Mirroring a reflection of the current market movement, between March 2017 and January 2018 peak, close to 9.8 million Ethereum had flown off exchanges, estimated to be more than 40% of the exchange reserve. After Ethereum’s price started to drop in 2018, exchange inflows started to pick up pace.
At the moment, equivalent to 7 million ETH has been spent between August 2020 and April 2021, representing a 30 percent decrease in currency balance. In terms of the bull market, Ethereum’s valuation has steadily increased over the last four months, but there might still be demand for more.

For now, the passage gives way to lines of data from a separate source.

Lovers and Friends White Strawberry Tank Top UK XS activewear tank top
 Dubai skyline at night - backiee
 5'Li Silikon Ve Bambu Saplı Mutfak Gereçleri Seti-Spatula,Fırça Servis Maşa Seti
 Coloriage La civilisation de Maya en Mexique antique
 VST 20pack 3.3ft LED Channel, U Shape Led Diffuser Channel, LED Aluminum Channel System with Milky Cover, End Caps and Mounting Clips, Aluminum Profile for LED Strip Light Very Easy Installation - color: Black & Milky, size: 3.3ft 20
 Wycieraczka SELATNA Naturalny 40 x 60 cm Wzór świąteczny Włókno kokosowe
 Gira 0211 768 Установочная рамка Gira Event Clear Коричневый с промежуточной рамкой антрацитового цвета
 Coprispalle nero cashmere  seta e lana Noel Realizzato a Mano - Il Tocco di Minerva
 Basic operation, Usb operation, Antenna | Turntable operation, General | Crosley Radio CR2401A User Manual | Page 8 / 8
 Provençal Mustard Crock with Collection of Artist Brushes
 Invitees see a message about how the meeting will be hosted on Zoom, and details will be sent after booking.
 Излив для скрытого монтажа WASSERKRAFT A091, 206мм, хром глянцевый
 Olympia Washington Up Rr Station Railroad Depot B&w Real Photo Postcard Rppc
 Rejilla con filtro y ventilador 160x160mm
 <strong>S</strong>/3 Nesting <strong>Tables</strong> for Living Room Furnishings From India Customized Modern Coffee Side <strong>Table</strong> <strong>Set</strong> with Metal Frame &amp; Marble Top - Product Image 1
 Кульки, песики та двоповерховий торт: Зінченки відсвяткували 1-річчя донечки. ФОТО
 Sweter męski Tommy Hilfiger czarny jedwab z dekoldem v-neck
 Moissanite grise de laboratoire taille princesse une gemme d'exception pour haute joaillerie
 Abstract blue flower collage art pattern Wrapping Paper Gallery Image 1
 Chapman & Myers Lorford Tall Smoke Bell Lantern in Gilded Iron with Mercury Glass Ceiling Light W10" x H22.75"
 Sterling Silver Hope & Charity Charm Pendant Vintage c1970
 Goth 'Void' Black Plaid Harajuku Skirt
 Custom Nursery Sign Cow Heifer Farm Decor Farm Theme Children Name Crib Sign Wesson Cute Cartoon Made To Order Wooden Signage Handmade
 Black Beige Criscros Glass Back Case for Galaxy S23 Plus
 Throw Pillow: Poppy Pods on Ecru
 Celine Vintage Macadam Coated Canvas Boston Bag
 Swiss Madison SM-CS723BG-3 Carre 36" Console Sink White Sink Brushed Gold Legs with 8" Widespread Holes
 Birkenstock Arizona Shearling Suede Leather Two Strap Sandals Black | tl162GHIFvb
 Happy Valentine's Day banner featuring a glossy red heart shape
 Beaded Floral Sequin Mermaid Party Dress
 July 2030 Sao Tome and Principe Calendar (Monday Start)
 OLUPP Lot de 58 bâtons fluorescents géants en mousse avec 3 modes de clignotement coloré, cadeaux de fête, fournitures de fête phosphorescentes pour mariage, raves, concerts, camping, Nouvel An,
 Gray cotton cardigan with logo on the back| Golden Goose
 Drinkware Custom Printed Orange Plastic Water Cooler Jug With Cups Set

Is Ethereum also running the risk of a 2017 crash?
While a logical concern regarding exchange outflows was expressed back in 2017 as well, the main difference lies in where these ETH is going into in 2021. In 2017, Ethereum was possibly moved into cold wallets from exchanges.
Today, Ethereum’s liquid supply is being depleted when it becomes entangled in DeFi protocols. 11 million ETH are reportedly bottled up, according to defipulse. Furthermore, Ether staking was not a viable choice in 2017, and presently, 3.8 million ETH worth $8.47 billion is invested on ETH2 Contracts.
The liquidity crisis on exchange is causing realistic application advancement, with progress becoming significantly more visible than during the 2017 rally. There is an additional advantage of institutional participation as well as rising demand, and with currency liquidity exhausted, demand can only skyrocket as retail joins the market for the rally.
For Altcoins; Win-Win?
Back in March, we published an article titled the Livermore accumulation map, which suggested a long-term pattern emerging on the ETH/BTC chart.
The accumulation cycle’s phase 7 was depicted during the first week of March, and the final leap into phase 8 has started in the last few weeks. Given that ETH/BTC is capable of breaking through the cylinder, ETH/BTC can soar through the charts at breakneck pace. The capital transfer into Ethereum will be massive, and it will also begin to flow into the altcoin market.